I would like to compare a line to the previous one without storing anything in memory (no dictionaries).
Sample data:
a 2
file 1
file 2
file 4
for 1
has 1
is 2
lines 1
small 1
small 2
test 1
test 2
this 1
this 2
two 1
Pseudocode:
for line in sys.stdin:
word, count = line.split()
if word == previous_word:
print(word, count1+count2)
I know I would use enumerate
or dict.iteritems
over an array but I can't on sys.stdin
.
Desired output:
a 2
file 7
for 1
has 1
is 2
lines 1
small 3
test 3
this 3
two 1
The basic logic is to keep track of the previous word. If the current word matches, accumulate the count. If not, print the previous word and its count, and start over.

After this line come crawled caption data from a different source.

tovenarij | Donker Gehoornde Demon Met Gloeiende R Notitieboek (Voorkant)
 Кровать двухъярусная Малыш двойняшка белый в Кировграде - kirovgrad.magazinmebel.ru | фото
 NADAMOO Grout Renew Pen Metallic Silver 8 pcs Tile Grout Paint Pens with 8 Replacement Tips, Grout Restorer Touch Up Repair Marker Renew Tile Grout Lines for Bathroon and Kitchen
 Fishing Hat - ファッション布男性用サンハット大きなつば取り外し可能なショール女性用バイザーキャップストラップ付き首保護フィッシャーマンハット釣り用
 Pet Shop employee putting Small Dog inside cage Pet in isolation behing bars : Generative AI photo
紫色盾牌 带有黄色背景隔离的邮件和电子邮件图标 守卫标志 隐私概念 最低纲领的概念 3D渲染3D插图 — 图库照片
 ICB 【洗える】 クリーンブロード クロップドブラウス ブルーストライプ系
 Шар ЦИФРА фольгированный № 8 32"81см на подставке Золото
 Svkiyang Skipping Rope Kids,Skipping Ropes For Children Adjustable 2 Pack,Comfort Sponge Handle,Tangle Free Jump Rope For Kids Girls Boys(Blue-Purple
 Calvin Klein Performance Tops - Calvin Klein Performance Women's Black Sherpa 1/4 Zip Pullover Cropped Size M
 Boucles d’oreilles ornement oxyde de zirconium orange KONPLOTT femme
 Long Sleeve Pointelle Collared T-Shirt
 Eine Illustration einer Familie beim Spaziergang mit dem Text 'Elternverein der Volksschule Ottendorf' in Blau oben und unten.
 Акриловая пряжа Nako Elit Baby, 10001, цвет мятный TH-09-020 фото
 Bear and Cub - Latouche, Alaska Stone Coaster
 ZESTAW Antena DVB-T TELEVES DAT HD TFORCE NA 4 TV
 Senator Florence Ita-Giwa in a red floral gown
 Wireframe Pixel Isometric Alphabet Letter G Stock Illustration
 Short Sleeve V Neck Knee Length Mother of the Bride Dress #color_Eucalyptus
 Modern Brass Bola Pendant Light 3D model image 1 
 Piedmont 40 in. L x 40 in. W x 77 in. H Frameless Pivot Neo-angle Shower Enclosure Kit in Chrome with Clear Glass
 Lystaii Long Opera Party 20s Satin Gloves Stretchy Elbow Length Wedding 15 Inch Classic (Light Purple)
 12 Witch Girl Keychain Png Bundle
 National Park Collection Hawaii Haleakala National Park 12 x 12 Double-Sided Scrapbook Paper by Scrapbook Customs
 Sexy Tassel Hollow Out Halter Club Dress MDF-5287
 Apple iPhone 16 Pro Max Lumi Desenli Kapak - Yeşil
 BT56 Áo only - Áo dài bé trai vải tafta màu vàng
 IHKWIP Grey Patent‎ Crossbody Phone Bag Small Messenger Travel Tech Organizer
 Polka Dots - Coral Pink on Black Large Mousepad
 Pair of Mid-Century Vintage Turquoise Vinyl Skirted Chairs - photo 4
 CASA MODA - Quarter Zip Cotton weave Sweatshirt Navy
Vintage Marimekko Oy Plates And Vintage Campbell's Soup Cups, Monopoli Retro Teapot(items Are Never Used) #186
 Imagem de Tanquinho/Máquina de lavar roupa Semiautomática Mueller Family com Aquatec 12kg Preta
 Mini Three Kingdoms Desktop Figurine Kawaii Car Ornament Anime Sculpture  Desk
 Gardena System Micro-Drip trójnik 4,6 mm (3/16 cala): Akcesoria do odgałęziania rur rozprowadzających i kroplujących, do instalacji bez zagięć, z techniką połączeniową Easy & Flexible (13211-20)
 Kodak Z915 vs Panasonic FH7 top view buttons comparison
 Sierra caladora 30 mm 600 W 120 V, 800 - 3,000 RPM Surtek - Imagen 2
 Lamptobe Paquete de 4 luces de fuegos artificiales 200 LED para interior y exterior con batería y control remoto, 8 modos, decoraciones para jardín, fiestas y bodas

There's a little special code to handle the first and last iterations.
stdin_data = [
"a 2",
"file 1",
"file 2",
"file 4",
"for 1",
"has 1",
"is 2",
"lines 1",
"small 1",
"small 2",
"test 1",
"test 2",
"this 1",
"this 2",
"two 1",
]
previous_word = ""
word_ct = 0
for line in stdin_data:
word, count = line.split()
if word == previous_word:
word_ct += int(count)
else:
if previous_word != "":
print(previous_word, word_ct)
previous_word = word
word_ct = int(count)
# Print the final word and count
print(previous_word, word_ct)
Output:
a 2
file 7
for 1
has 1
is 2
lines 1
small 3
test 3
this 3
two 1